Let’s make a Web form for the user to select one of the players. After clicking on the submit button, our script will parse the XML document return the user data together with his statistics for average points and rebounds.
Now I will explain the steps necessary for our script to do the job. At the end of this section you will find the complete code.
First of all, in our code, we need to import all Python modules we will use:
from xml.sax import make_parser from xml.sax.handler import ContentHandler import cgi
Since we’re dealing with a CGI script, don’t forget to put on top the path to the python executable, which is usually (on Unix systems):
#!/usr/bin/python
Please note that the above line may vary, depending on your system configuration. Contact your system administrator for more details in case of doubt.

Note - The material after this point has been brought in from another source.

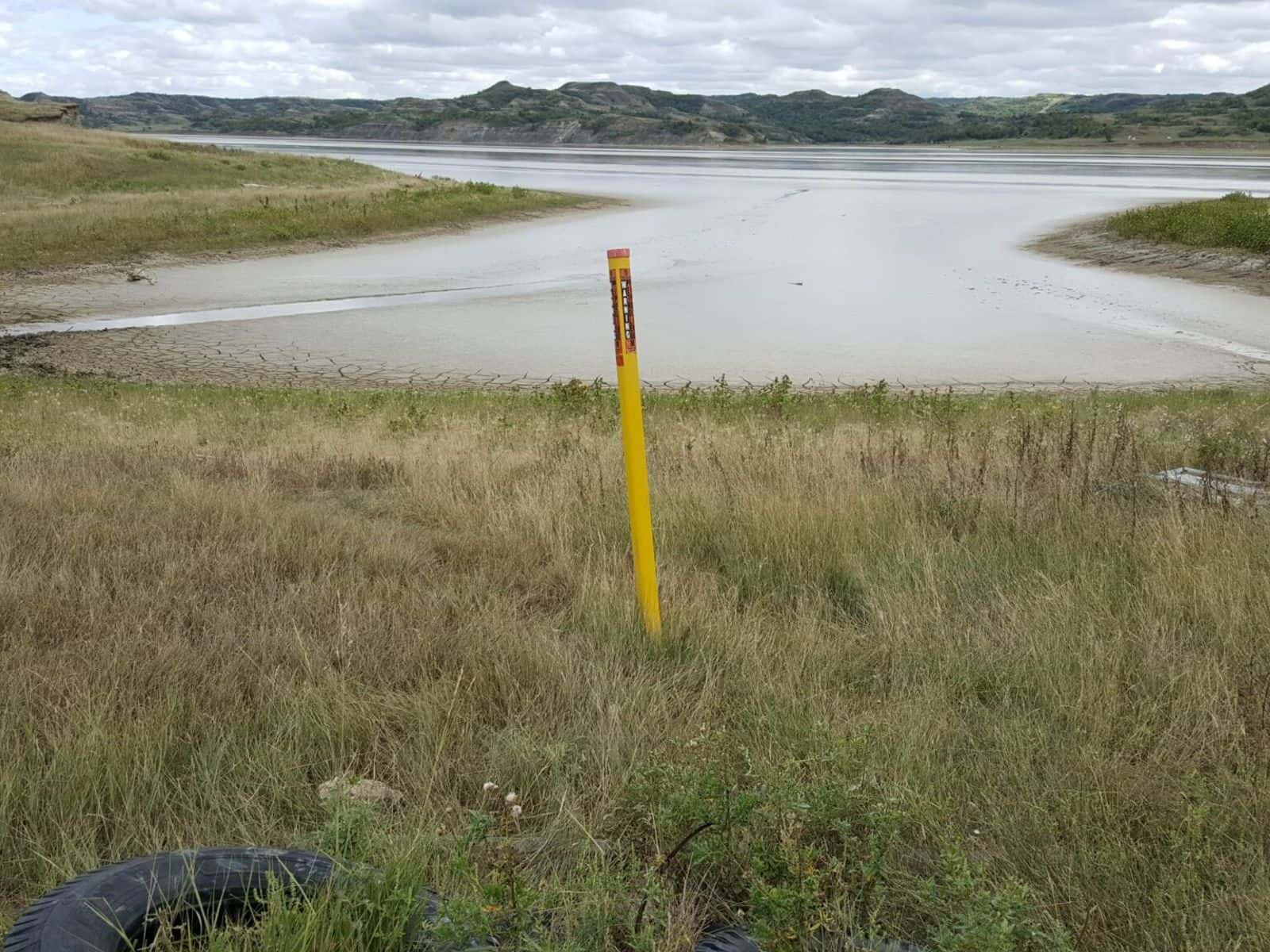 The Tesoro High Plains Pipeline carries crude oil beneath the Little Missouri River beyond the boundaries of the Fort Berthold Reservation in North Dakota. A Biden administration official wants a fresh look at the multi-million-dollar dispute between hundreds of Three Affiliated Tribes landowners and the pipeline company. Credit: Jodi Spotted Bear/Buffalo's Fire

Also do not forget to define the content type of the CGI before any other output, so that no browsers get confused on what the content type of the page is:
print "Content-Type: text/plain\n"
In your script you can use the print command in order to format the output of the script in any way you want. In the example script at the end of this page you will see that I used some basic formatting. Of course, if you want your page to look really good, go ahead and change what is provided here, but do not forget that for production applications it’s usually better to try and separate your logic from your HTML code.
Although, in production applications, you may even want to structure your logic in various packages and classes, instead of doing it all in one script, as shown here. Since this is not a software engineering course, I will not get into details here but return directly to our simple script.